C.S. Lewis was a brilliant man. Though I have filled margins of the text with counters and rebuttals against passages with which I do not agree, his ability to confer complex arguments in a easily understandable form is quite impressive.
For now, I hope to hold my tongue against any major disagreements I have found in the first twenty-five pages of text (as Lewis has already resolved quite a few of these), but rather I use this post to urge religious and non-religious people alike to pick up a copy. My single vantage point lacks the comprehensiveness with which I wish I could analyze his arguments, but at the very least this work has caused me to reconsider the grander questions of life in a real, rational way — it’s a great feeling.
Edith Hamilton, I apologize, but I found the first half of Greek Mythology (the part without the stories) vastly uninteresting. Sure, various anecdotes and paragraphs were amusing and inspiring, but alas my aversion to history once again prevents me from finishing your popular work. I will admit, however, that the speculation on the origin of how the Gods’ came to assume their stories and roles was interesting and enlightening. It was, after all, our earliest civilized government — arguably.
In light of Halloween, I read Edgar Allen Poe’s Black Cat and The Fall of the House of Usher. All I can say, dear Poe, is that I understand why you were constantly intoxicated in one form or another.
Black Cat was eerie in how well Poe describes the out of body experience. The narrator addresses his rage and laments the fact that he committed terrible acts in response to his anger, but speaks in a tone that would be appropriate to describing a walk in the park. As if he were a perfectly civilized and sane man who fell helpless to the terrible atrocities his mind concocted. Yet it seems not to be a case of schizophrenia or bi-polar disorder, just simply a twisted individual with little sense of remorse. But we have all had that experience before — when an action in the past no longer feels real in retrospect, as if it were performed by someone else. Bravo Poe.
The Fall of the House of Usher took me several days to get through. Not for difficulty of language (though it was indeed a bit cryptic at times), but rather because I could not find a proper plot line. There seemed to be details that were largely unimportant to the story. What was there to grab my interest? I continued to put it down for lack of interest. Even upon finishing, I could not completely understand the purpose of the story except to describe an odd mental disorder and a eerie sequence of events. Wikipedia later informed me that this short story was one of ‘totality’, meaning every detail was pertinent and related to some aspect or another. If I were a literary scholar, perhaps I’d show a bit more interest.
I also just finished Hunger Games, but I’ll save that for another post.
The original plan was to re-read this classic, which I really had only partially read (“sparknote-d”) back in high school.
Unfortunately, getting through the introduction has been incredibly boring. I may just skip to the actually mythology part.
There was one passage in the introduction I particularly liked, however.
When the [first] stories were being shaped, we are given to understand, little distinction had as yet been made between the real and the unreal. The imagination was vividly alive and not checked by the reason, so that anyone in the woods might see through the trees a fleeing nymph, or bending over a clear pool to drink, behold in the depths a naiad’s face.
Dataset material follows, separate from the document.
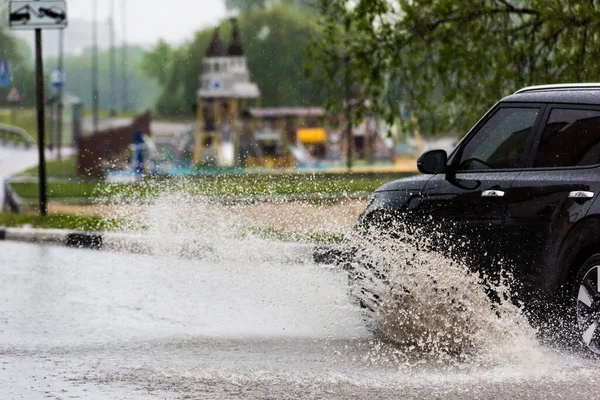 Rosja Moskwa Maja 2020 Samochód Przejeżdża Przez Kałużę Wody Rozpryskami — Zdjęcie stockowe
How limited is our creativity because of the predetermined notions that we hold as true? (Which have been so engrained into our thinking patterns that were are blind to them). I have mentioned this previously, but when I was younger (say elementary school through high school) I observed people and attempted to empirically develop theories of how people thought — how people functioned. Knowing this, I intentionally avoided any courses or training in psychology. It is along the same concept of not being able to “un-see” something. Once we store a fact, an experience, etc in a particular way, it is quite difficult to ever return to that though objectively.